Exercise goal
Line by line, return the listing exactly, without any of the images.

Records provided
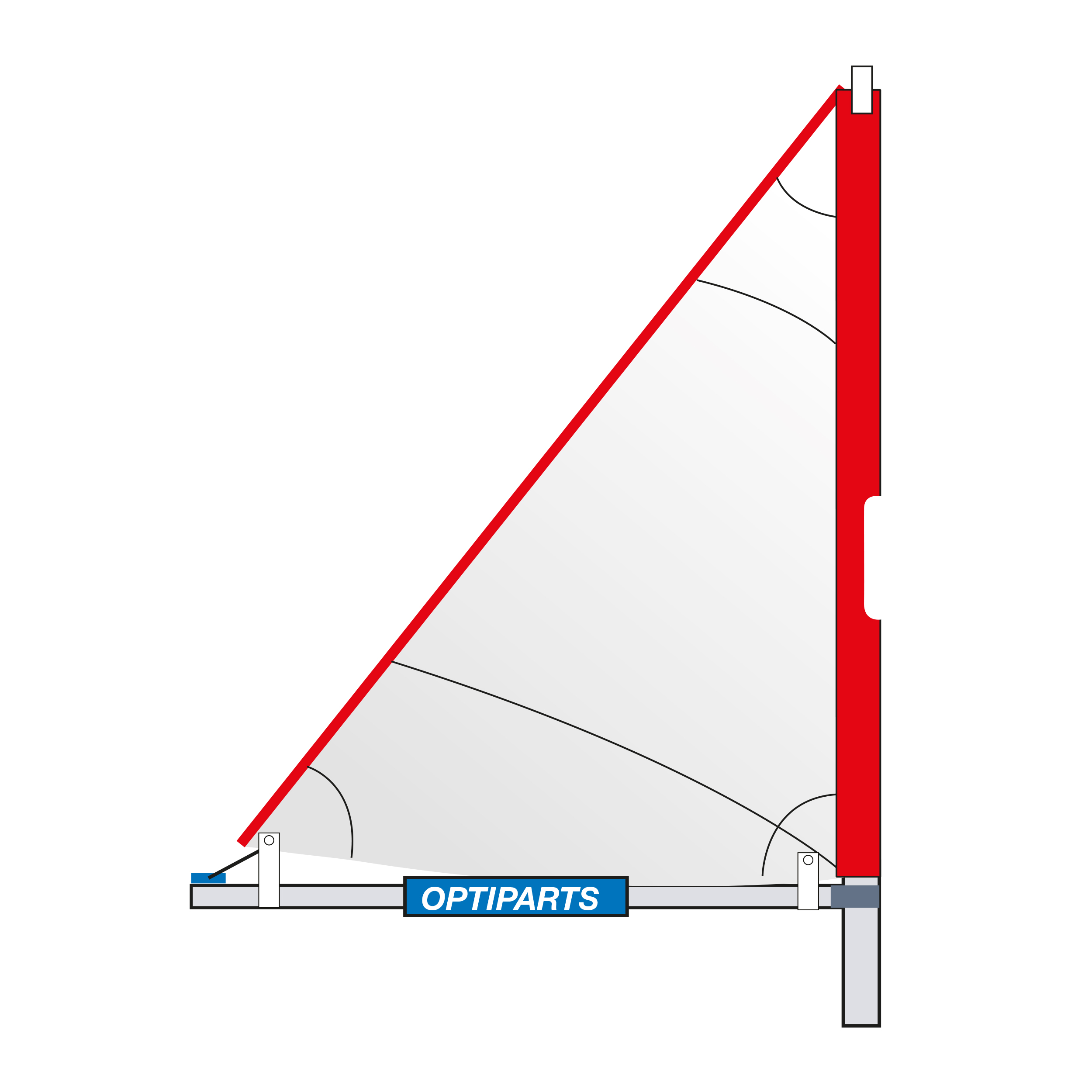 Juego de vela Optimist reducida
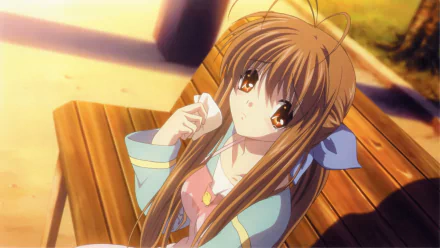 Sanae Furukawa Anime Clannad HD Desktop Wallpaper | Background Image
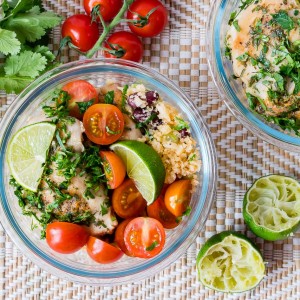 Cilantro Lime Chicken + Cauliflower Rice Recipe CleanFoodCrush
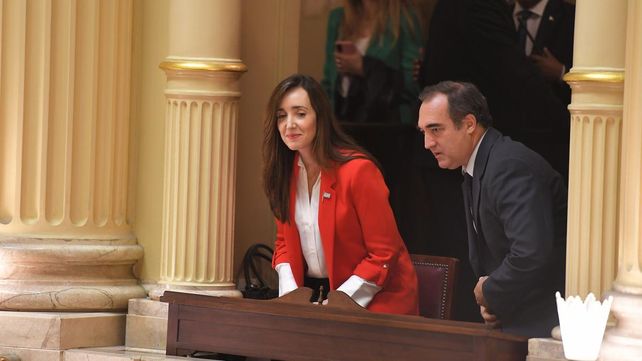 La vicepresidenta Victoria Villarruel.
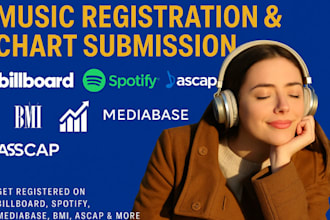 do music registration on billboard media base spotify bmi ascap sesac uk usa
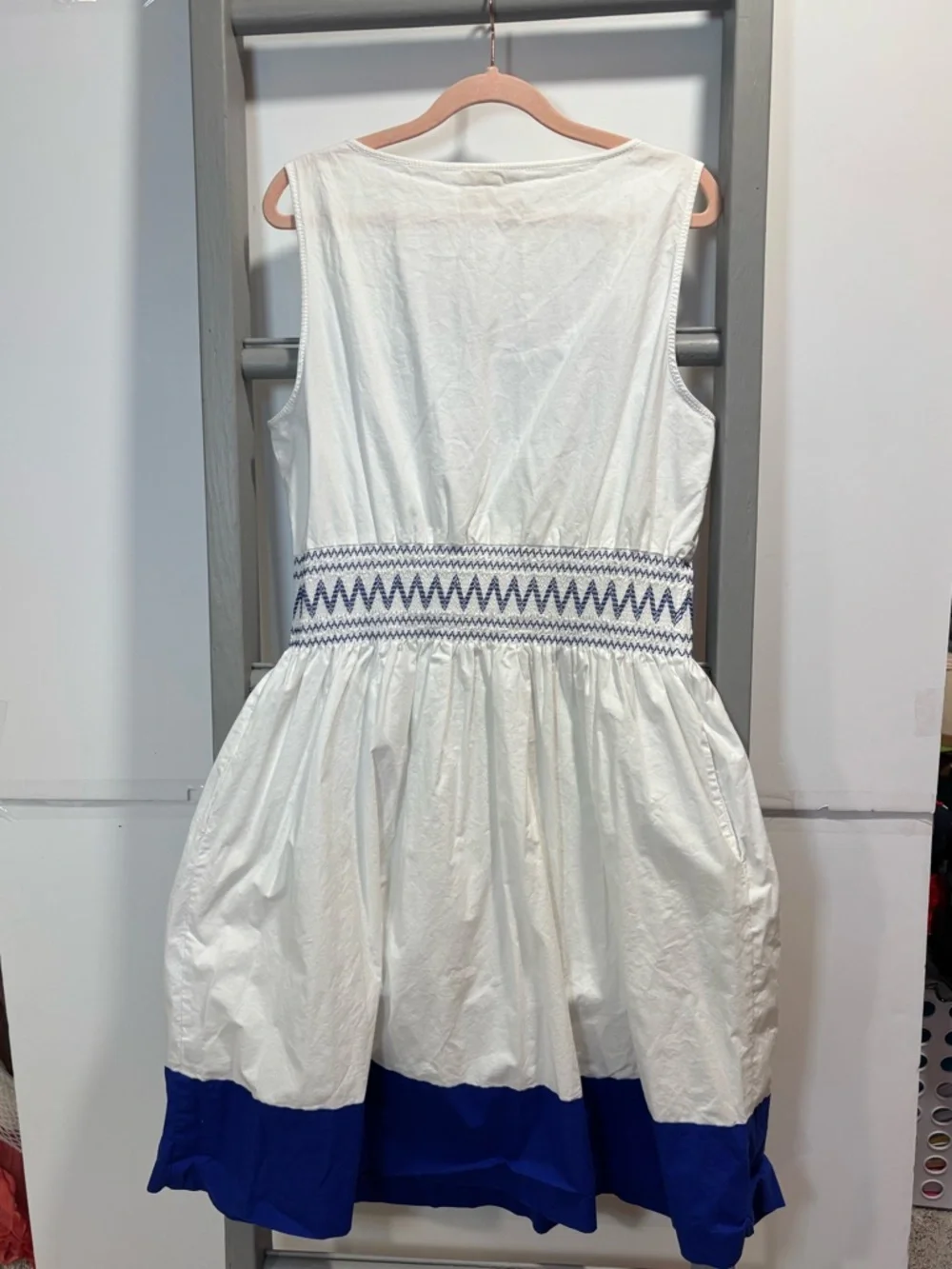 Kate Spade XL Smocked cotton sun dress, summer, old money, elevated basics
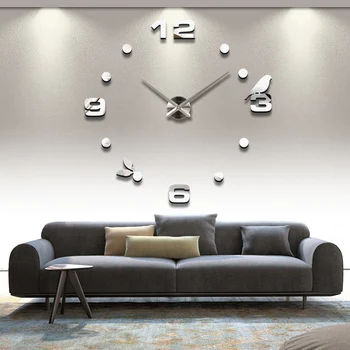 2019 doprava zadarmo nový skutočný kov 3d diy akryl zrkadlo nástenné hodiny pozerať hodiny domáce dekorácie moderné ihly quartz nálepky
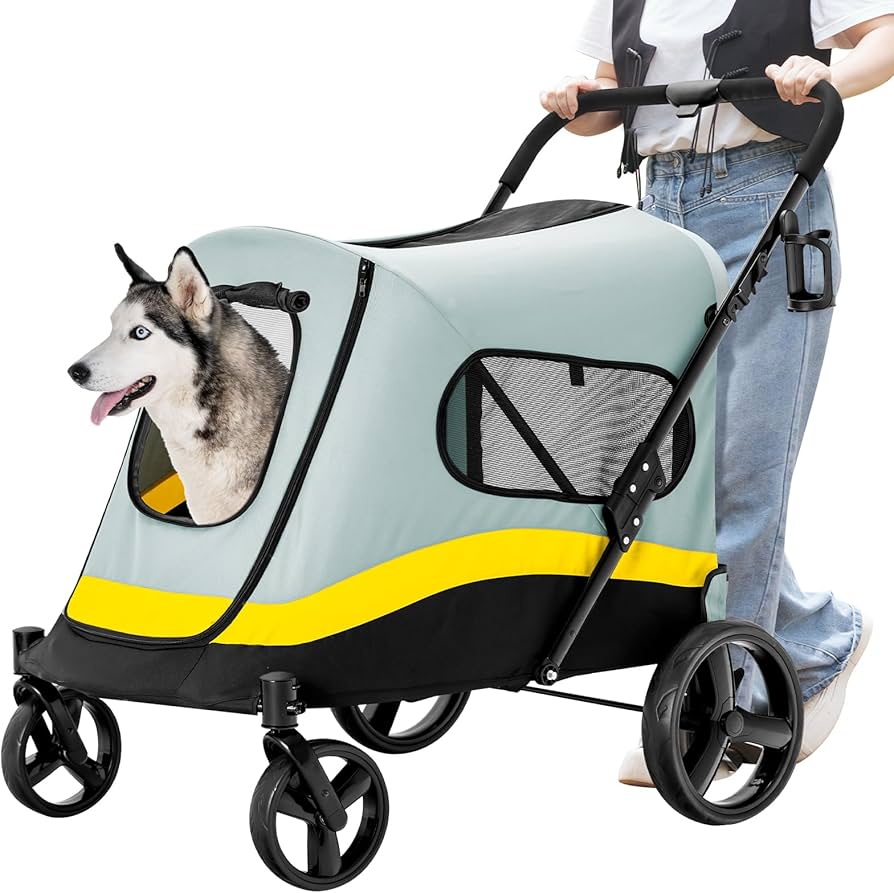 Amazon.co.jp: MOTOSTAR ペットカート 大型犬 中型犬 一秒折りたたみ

Answer for this exercise
 Juego de vela Optimist reducida
 Sanae Furukawa Anime Clannad HD Desktop Wallpaper | Background Image
 Cilantro Lime Chicken + Cauliflower Rice Recipe CleanFoodCrush
 La vicepresidenta Victoria Villarruel.
 do music registration on billboard media base spotify bmi ascap sesac uk usa
 Kate Spade XL Smocked cotton sun dress, summer, old money, elevated basics
 2019 doprava zadarmo nový skutočný kov 3d diy akryl zrkadlo nástenné hodiny pozerať hodiny domáce dekorácie moderné ihly quartz nálepky
 Amazon.co.jp: MOTOSTAR ペットカート 大型犬 中型犬 一秒折りたたみ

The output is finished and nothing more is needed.